For 7 years, Anne R. has been present in this shanty-town area of Manilla, in the Philippines. She’s always known around 20 families here, living under one of the sides of the bridge near her home, whose houses are threatened with demolition.  

During the demolition, initially, it’s each man for himself. Everyone tries as best they can to save at least a few planks of wood, or they start to demolish their homes themselves.

When they get advance warning, or when they suspect that a demolition is imminent, they demolish their homes themselves and hide their wood and their belongings before the demolisher’s arrive, sometimes in the adjacent field.

Sometimes we see real heroism. Every day, every day, demolisher’s come, they take away any wood they find, sometimes burning it. “But it’s that”, says Marilou, “or having a nice relocation home, where there’s no work or school, and being hungry.”

We meet up with these families every week, and spend time together sharing and praying. We started out with 7 women and now practically all of the families come, including the men.

These daily demolitions prevent them from working, from earning a living. They’re also hungry and they get angry. However, they often say how they don’t want to get angry and they give examples of occasions when they have refrained from hitting each other.

One of the most important things that helps them is the fact that they are able to express their feelings within a group, as Adolpho explains: “Sharing within our group means a lot to me. I can offload my suffering, and get off my chest what I feel about the demolitions. The presence of the nuns is also a big help to me.”

Once he was mulling over his hatred for a “skinny little boss”; who he wanted to hurt. At that same moment, I went near him, and that made him realise how much hate he was projecting.
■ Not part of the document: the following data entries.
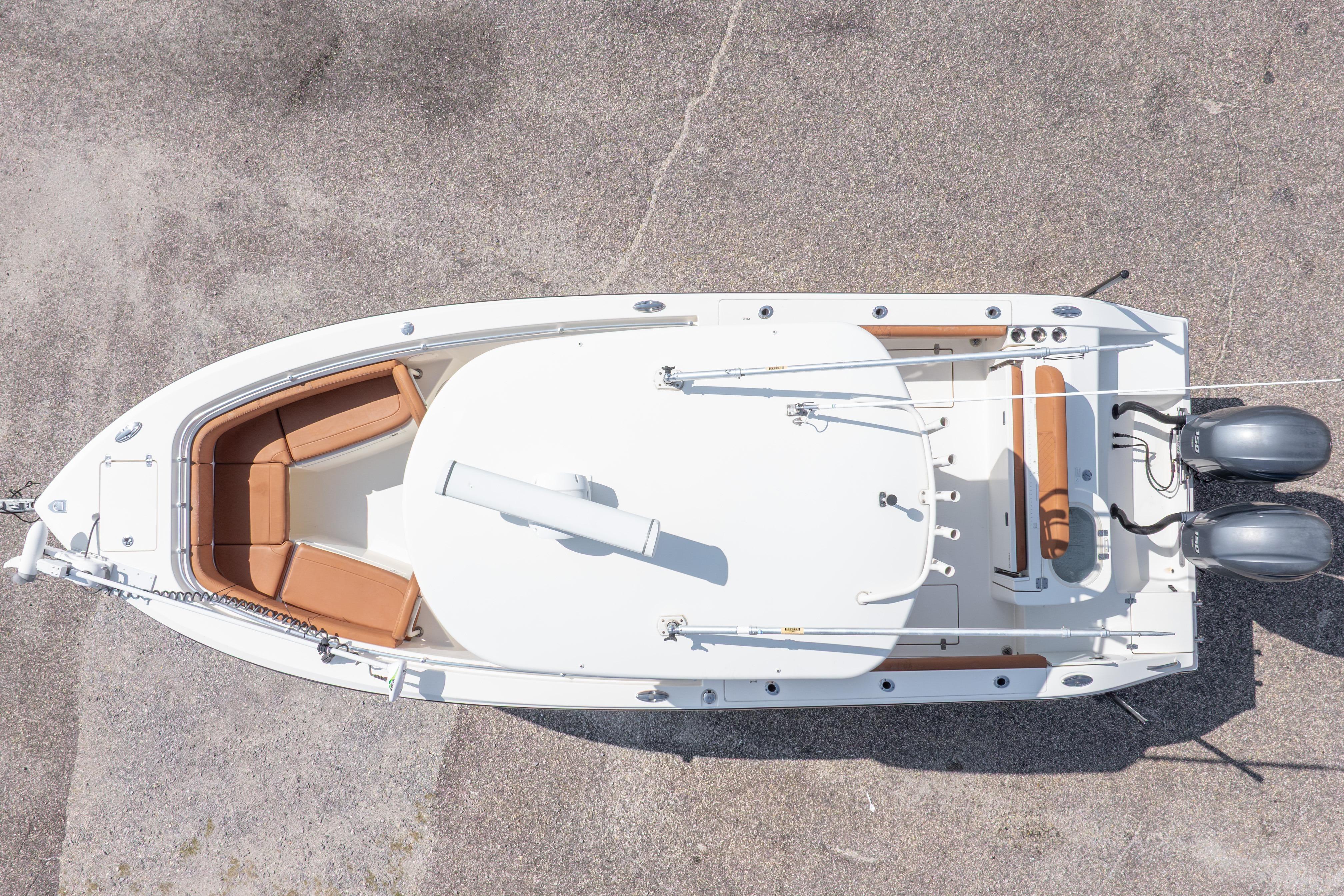 2017 Cobia 261 Center Console boat, aerial view, showcasing spacious deck and dual engines.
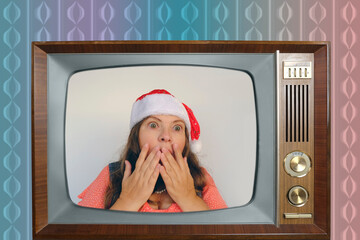 old retro analog TV 60s with woman in santa claus red hat with long hair, having fun, festive mood,...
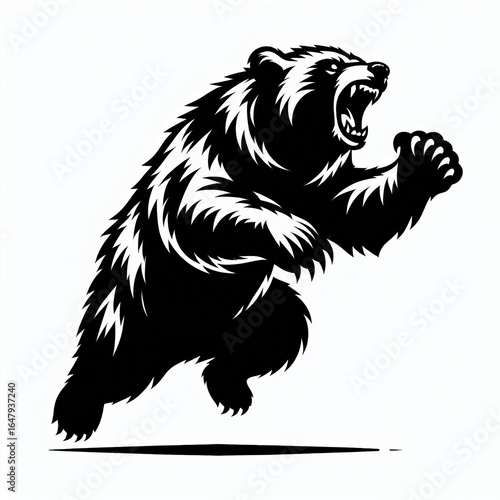 Aggressive grizzly bear charging forward with open mouth and raised paw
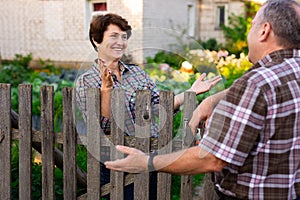 neighbors man and woman chatting near the fence in the village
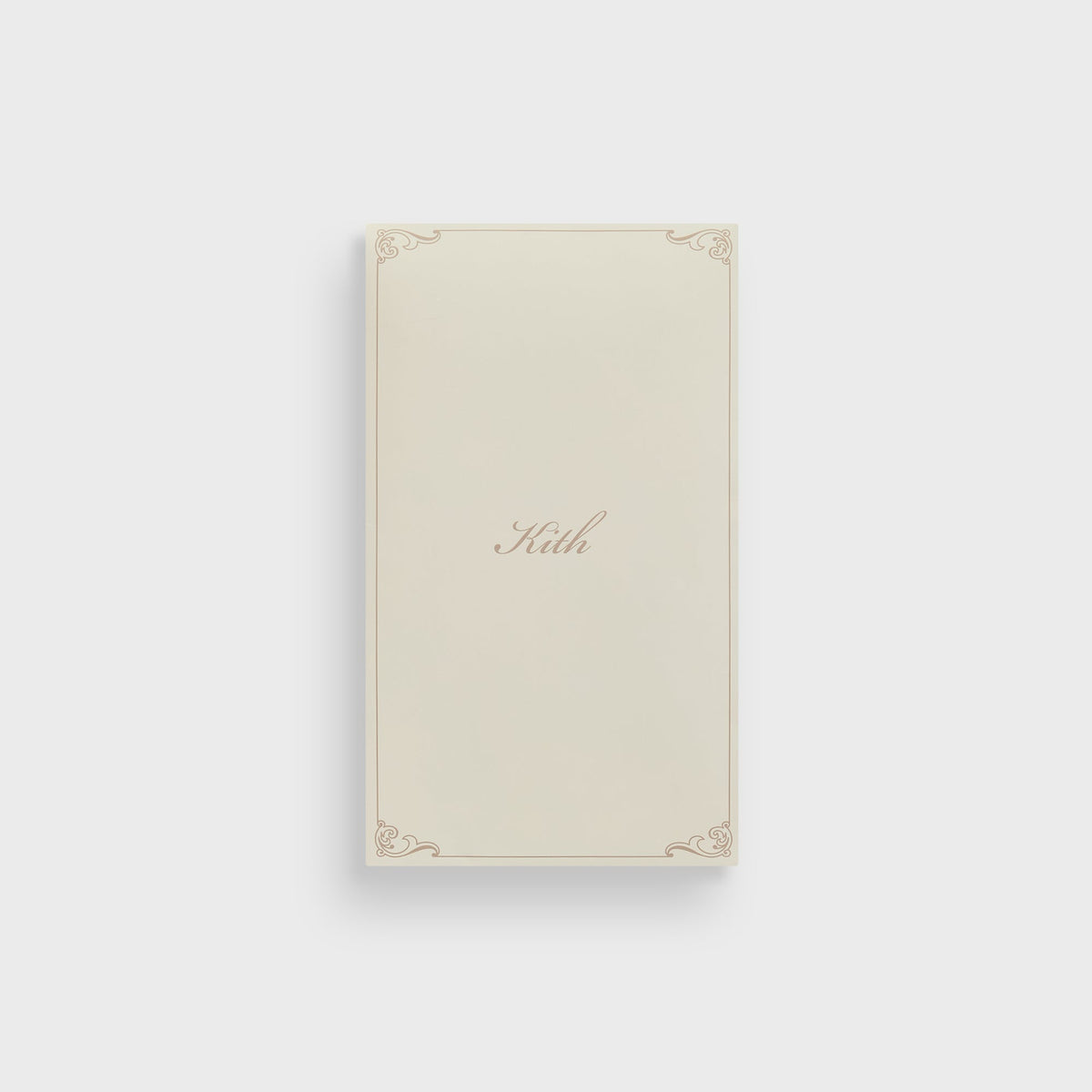 Kith branded packaging card in cream with gold scroll border and 'Kith' script logo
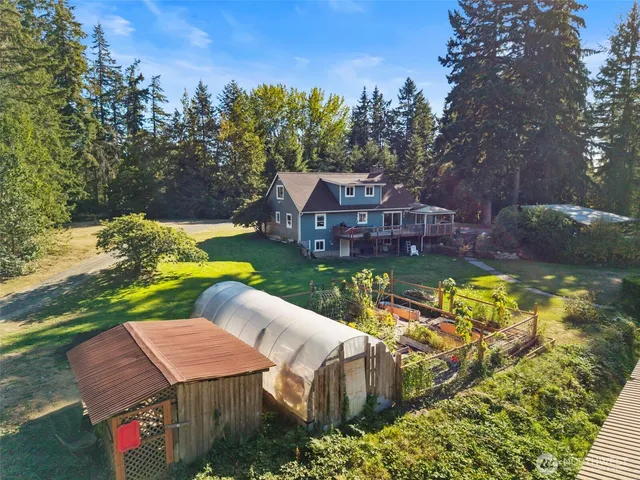 an aerial view of a house with swimming pool garden and patio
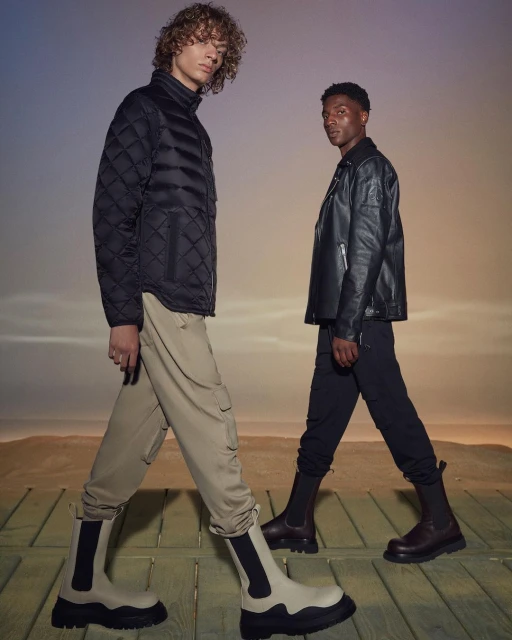 Two men pose in a studio wearing stylish boots, trousers, and jackets against a gradient background with an outdoor setting.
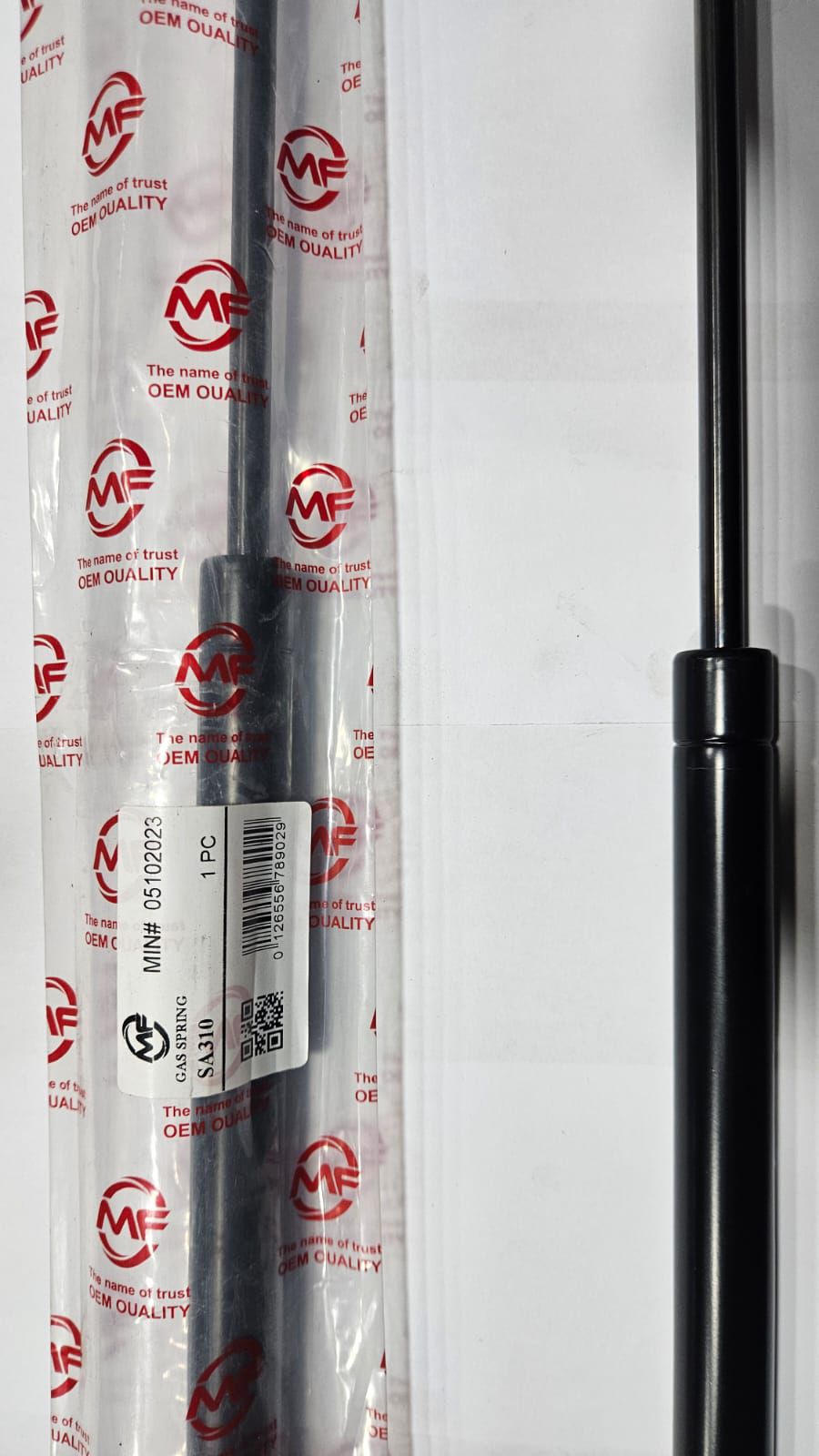 Two car shock absorbers with MZ branding on a white background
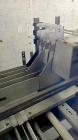 Used-Hartness Model 835 Automatic Descending Drop Case Packer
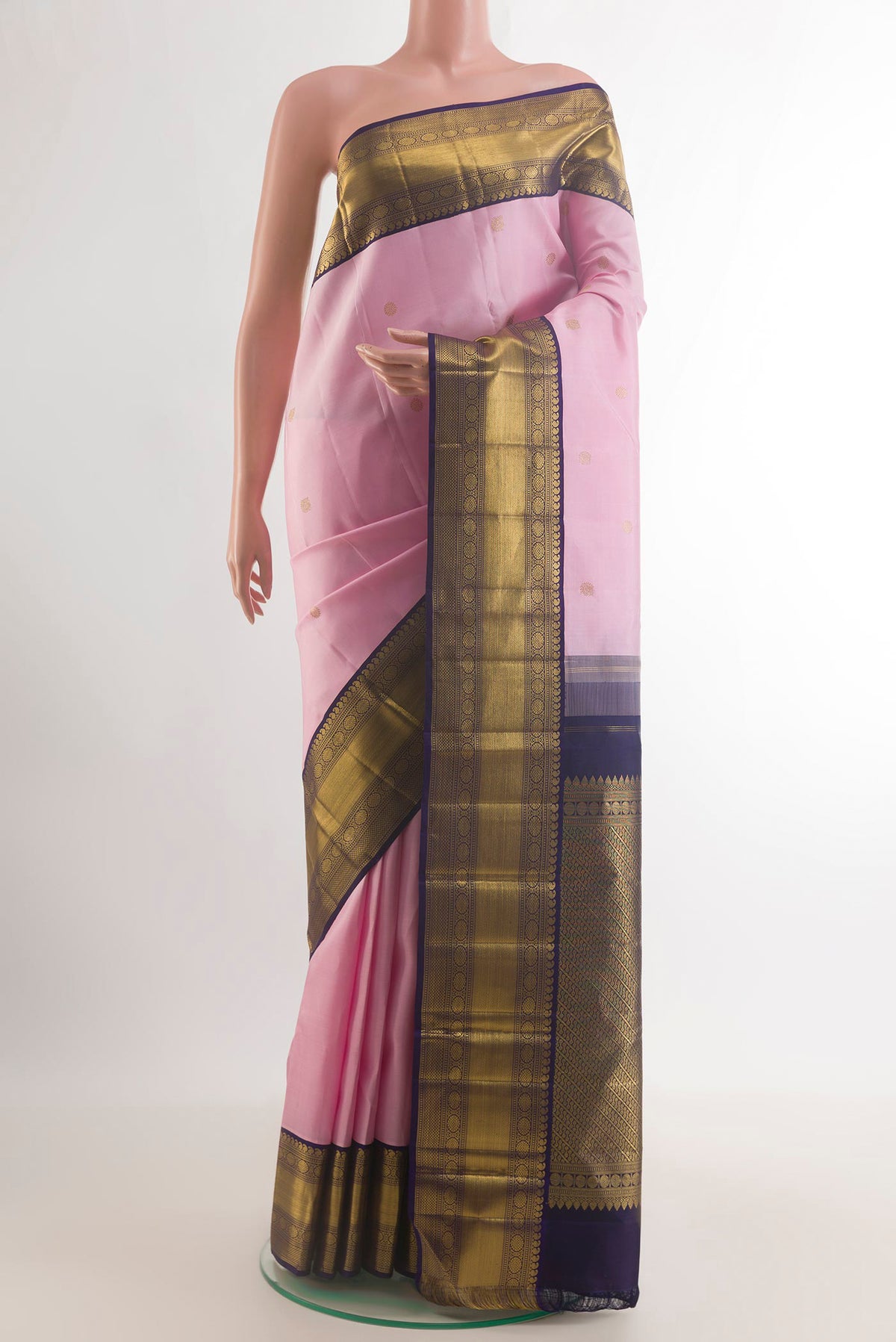 Pure Silk Rose pink Kanchipuram Saree with Zari Butta on the body and Zari Border.  displayed on a mannequin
He stopped thinking bad thoughts, and he felt happier!

They understand the demolisher’s dilemma: earn a living or refuse to demolish the homes of families like theirs. “They’re just like us; it’s their job”, they say. “They’re nice – it’s the authorities, the mayor who is at fault”. So they’ve reached an arrangement together. “We take down our homes ourselves every morning, and when the demolisher’s come, they take photos to prove that our shacks have gone.” Afterwards, they rebuild their shacks.